Introduction
Addiction is a disorder of the brain's reward and learning systems. At its core, it involves the hijacking of neural circuits that evolved to motivate survival behaviors -- eating, social bonding, reproduction -- by substances or activities that produce supranormal dopamine signals. Understanding the pharmacology of addiction means understanding how drugs change the brain at the molecular, cellular, and circuit levels, and why these changes are so resistant to reversal. This understanding also reveals why psychedelics and other novel compounds may offer fundamentally different therapeutic approaches.

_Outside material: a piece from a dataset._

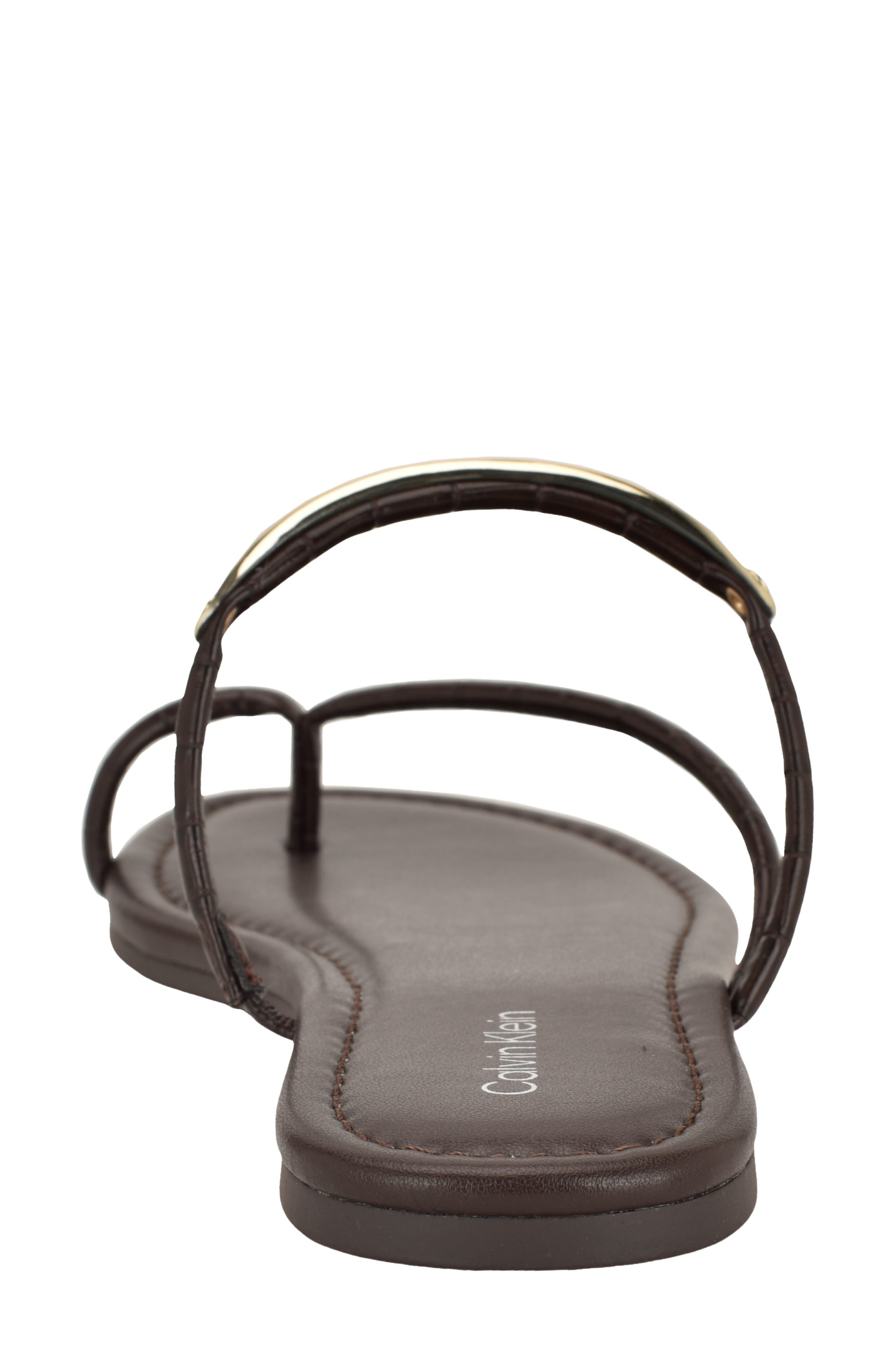 Bienna Toe Loop Sandal, Alternate, color, DARK BROWN CROCO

The Mesolimbic Dopamine Pathway
The brain's reward circuitry centers on the mesolimbic dopamine pathway: a projection from dopamine neurons in the ventral tegmental area (VTA) to the nucleus accumbens (NAc), with additional projections to the prefrontal cortex, amygdala, and hippocampus. When we encounter something rewarding, VTA neurons fire and release dopamine into the NAc, producing the sensation of pleasure and, more importantly, signaling that the behavior is worth repeating.
Natural rewards (food, social interaction) produce modest, transient increases in NAc dopamine -- typically 50-100% above baseline. Drugs of abuse produce dramatically larger signals. Cocaine can increase NAc dopamine by 300-400% above baseline. Methamphetamine can produce increases of over 1,000%. This supranormal signaling overwhelms the system's calibration, setting in motion a cascade of adaptive changes.
Nora Volkow, Director of the National Institute on Drug Abuse, and George Koob, Director of the National Institute on Alcohol Abuse and Alcoholism, have been instrumental in characterizing these changes through decades of neuroimaging and neuroscience research.